WHAT IS NEEDED:
Reproduce only the lines from the line containing "Patrick Kun on" to the end of the entries below, including both of those lines.

##### INPUT RECORDS #####

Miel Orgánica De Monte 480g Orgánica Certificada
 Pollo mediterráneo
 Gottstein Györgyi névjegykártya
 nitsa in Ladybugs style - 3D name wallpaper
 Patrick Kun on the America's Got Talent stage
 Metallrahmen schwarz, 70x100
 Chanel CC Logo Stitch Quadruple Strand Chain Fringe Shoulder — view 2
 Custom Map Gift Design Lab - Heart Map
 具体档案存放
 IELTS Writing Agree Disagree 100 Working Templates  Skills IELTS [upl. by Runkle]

#####

OUTPUT FOR THIS EXERCISE:
 Patrick Kun on the America's Got Talent stage
 Metallrahmen schwarz, 70x100
 Chanel CC Logo Stitch Quadruple Strand Chain Fringe Shoulder — view 2
 Custom Map Gift Design Lab - Heart Map
 具体档案存放
 IELTS Writing Agree Disagree 100 Working Templates  Skills IELTS [upl. by Runkle]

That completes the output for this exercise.